The origin of the dragon myth is probably not susceptible to proof. We can speculate based on historical records and by comparison to how modern myths develop (e.g. Slender Man), and by applying what we observe in the behaviour of people around us, but we can never know.
My gut feeling is that if fossilised skulls or other bones contributed to the dragon myth, it was as confirmation and reinforcement of an existing myth, rather than as the starting point.
I can imagine someone finding fossil remains and thinking, "Crikey, that's a dragon!" Once they had done so, the evidence of the fossils might feed into the development of the dragon myth.
I find it harder to imagine someone in ancient times finding fossil remains and setting out to explain them from scratch and coming up with the dragon.
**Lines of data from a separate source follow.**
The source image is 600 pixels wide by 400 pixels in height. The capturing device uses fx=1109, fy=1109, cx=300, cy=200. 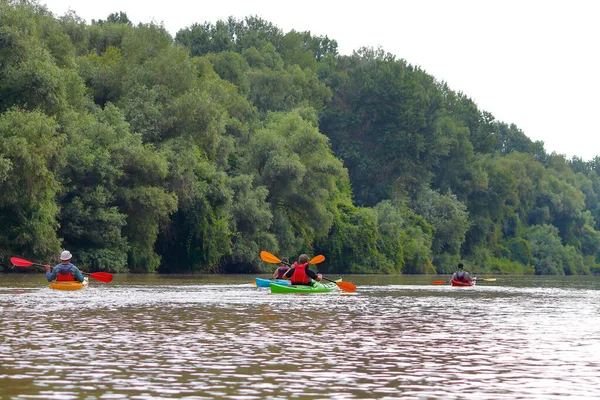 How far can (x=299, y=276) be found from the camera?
37844mm

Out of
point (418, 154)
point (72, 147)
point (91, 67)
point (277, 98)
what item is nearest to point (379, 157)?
point (418, 154)

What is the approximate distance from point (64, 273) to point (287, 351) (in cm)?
2020

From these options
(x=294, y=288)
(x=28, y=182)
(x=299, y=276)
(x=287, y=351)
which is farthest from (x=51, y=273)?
(x=287, y=351)

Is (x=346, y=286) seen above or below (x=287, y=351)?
above

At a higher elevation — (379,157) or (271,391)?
(379,157)

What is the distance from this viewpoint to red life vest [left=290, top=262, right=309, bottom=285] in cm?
3775

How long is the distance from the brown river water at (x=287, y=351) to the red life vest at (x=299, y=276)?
6836mm

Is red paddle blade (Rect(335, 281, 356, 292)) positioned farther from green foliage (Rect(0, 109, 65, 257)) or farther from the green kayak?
green foliage (Rect(0, 109, 65, 257))

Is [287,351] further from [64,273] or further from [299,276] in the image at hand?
[64,273]

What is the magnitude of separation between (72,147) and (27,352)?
1701 inches

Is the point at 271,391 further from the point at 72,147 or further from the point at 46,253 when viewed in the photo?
the point at 72,147

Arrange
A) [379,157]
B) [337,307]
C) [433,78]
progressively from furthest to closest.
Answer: [433,78]
[379,157]
[337,307]

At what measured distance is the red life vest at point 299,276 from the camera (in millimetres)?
37750

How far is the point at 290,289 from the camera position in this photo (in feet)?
123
Two common things in the human imagination: exaggeration and combination:
- Exaggeration: a 5 foot snake becomes a 10 foot snake as the story develops. The snake bites a child but this becomes "it ate a child." This is exaggerated to, "It ate children," then later, "It ate people." Then, if it was big enough to eat people, it must have been 20 feet long... and a 20 foot long serpent could "eat a whole village" — and so on.
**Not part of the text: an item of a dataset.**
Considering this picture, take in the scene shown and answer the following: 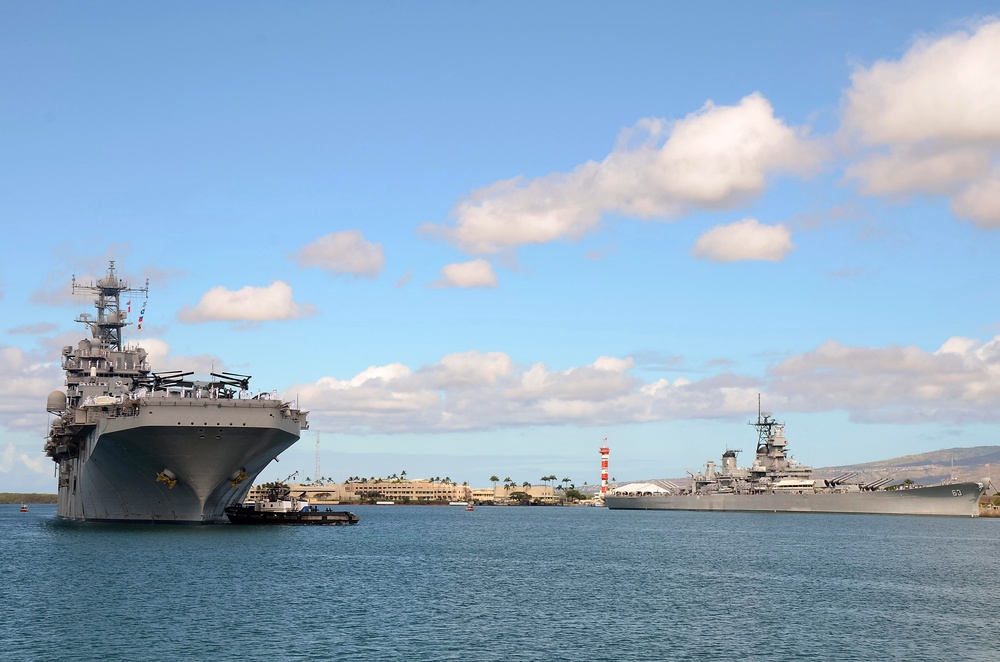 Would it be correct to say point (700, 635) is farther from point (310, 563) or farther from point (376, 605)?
point (310, 563)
- Combination: When you've heard about the 20 foot snake enough times, it becomes just a 20 foot snake. But add horns, or wings, or a poisonous sting... or had the head of a goat and the claws of a lion, etc.
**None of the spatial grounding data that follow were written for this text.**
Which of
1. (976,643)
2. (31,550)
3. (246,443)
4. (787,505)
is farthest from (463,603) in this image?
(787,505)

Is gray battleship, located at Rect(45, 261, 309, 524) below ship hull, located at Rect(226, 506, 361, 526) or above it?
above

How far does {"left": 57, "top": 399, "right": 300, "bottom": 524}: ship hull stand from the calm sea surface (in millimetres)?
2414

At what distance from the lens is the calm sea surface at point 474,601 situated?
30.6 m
We can see both these phenomena in popular science fiction, fantasy and the like.
- Exaggeration: King Kong is an ape, but a very big ape. Lovecraft's Old Ones built on a massive scale. Megalodon is somehow asssumed to be scarier than the Great White in Jaws because it is bigger. (Once a shark is big enough to eat you, frankly, further increases in size are irrelevant!)
- Combination: science fiction is full of lizard men, insect men, cat people and so on. In superhero comics, you get the man with the powers of a spider; the man with the power to control fire; the man who bases his costume on a bat, or on an octopus.
When trying to come up with amazing or frightening stories, the human race's standard techniques are "make it bigger" and "combine features from various sources."
This is a far simpler explanation.
I'm with Pete Byrdie that the interest in dragon myths is the folkloric approach of finding the similarities and connections between the stories, rather than the reductionist approach of seeking a concrete basis for key aspects of the stories.